Being the last budget of the present government, budget 2019 had been much talked about, especially because of budget 2019 tax policies. All the sections of the society had been looking forward to the changes that the government has to bring in. This budget has included everyone and has been focused on improving the condition of the financial condition of the middle class. There have been amendments in the Income Tax Act 1961 and Goods and Services tax along with changes in many other areas as well.
Budget 2019 tax highlights
With the raising of the standard tax deduction for people who had made investments in savings, which constitute around 90% of the middle-class taxpayers, around 3 crore middle taxpayers will be affected. Also, this budget provides relief to the renting house owners and exemptions raised for self-occupied house property.
Interim Union budget has unveiled by Mr. Piyush Goyal on 1st February, 2019 in Lok Sabha. Various reliefs were expected by general public in Income tax to increase their disposal income such as increase in basic exemption threshold limit, increase in maximum limit of deduction u/s 80C, increase in standard deduction for salaried class persons etc.
This article provides you with an insight into the budget 2019 tax rebate that everyone has been talking about.

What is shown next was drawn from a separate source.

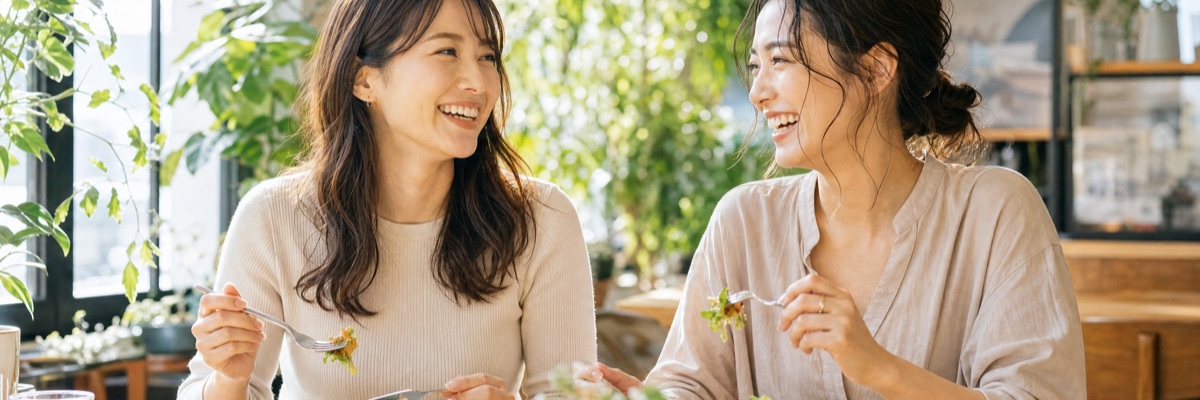 無理のない食事指導による健康的な食事例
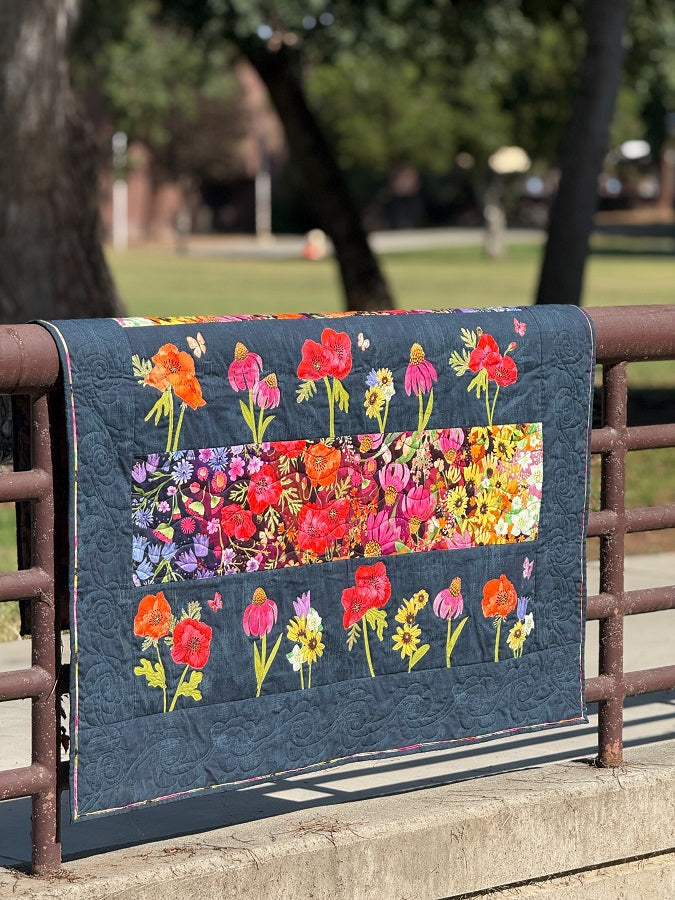 Superbloom Quilt Top 9/30/25 &amp; 10/28/25 9:30 a.m. - 4:00 p.m.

Key amendments recommended in Income Tax Act, 1961 are:
Net taxable Income up to INR 5,00,000 will be chargeable to NIL Income tax as deduction u/s 87A has increased from INR 2,500 to INR 12,500 if total income doesn’t exceed INR 5,00,000. (Section 87A of IT Act)
Impact of amendment | ||
---|---|---|
Net Taxable Income | 5,00,000 | 5,10,000 |
Income Tax: | ||
Upto INR 2,50,000 | NIL | NIL |
Above 2,50,000 to 5,00,000 | 12,500 | 12,500 |
Above 5,00,000 to 10,00,000 | – | 2,000 |
Above 10,00,000 | – | – |
Total Tax | 12,500 | 14,500 |
Less: Rebate u/s 87A | 12,500 | – |
Net Tax Payable | NIL | 14,500 |
Add: Cess | NIL | 580 |
Total Tax payable | NIL | 15,080 |
Net Saving | 12,500 | NIL |
Standard Deduction under head salary has increased from INR 40,000 to INR 50,000 (Section 16 of IT Act)
- Exemption for self-occupied house property increased from one house to 2 houses. However, deduction for interest under section 24 is limited to INR 2,00,000 for both houses (Section 23 and 24 of IT Act)
- Long term capital gain on transfer of residential house property can be claimed as exempted by making further investment in two residential house properties provided capital gain income is upto INR 2 Crores. Earlier, exemption was available on investment in one residential house only.
Revised threshold limit for deduction of TDS:For the purpose of claiming 100% deduction u/s 80-IBA of profits and gains derived from business of developing and building housing projects, time limit for obtaining approval of housing projects has extended from 31st March, 2019 to 31st March, 2020. (Section 80-IBA of IT Act)
Section | Nature of Payment | Earlier Threshold Limit | Revised Threshold Limit | Payer |
---|---|---|---|---|
194A | Interest other than “Interest on Securities” | 10,000 | 40,000 | Banking Company
Co-operative society Post Office |
194-I | Rent | 180000 | 240000 | Any person, not being an individual or a Hindu undivided family |
Key Amendment and achievements in GST:
- Businesses with less than INR 5 Crores of turnover will be allowed to file quarterly returns. Such taxpayers comprise over 90% of total taxpayers.
- GST rates have continuously reduced over a period of time. Most of the daily use items are taxable @ 0-5% rate.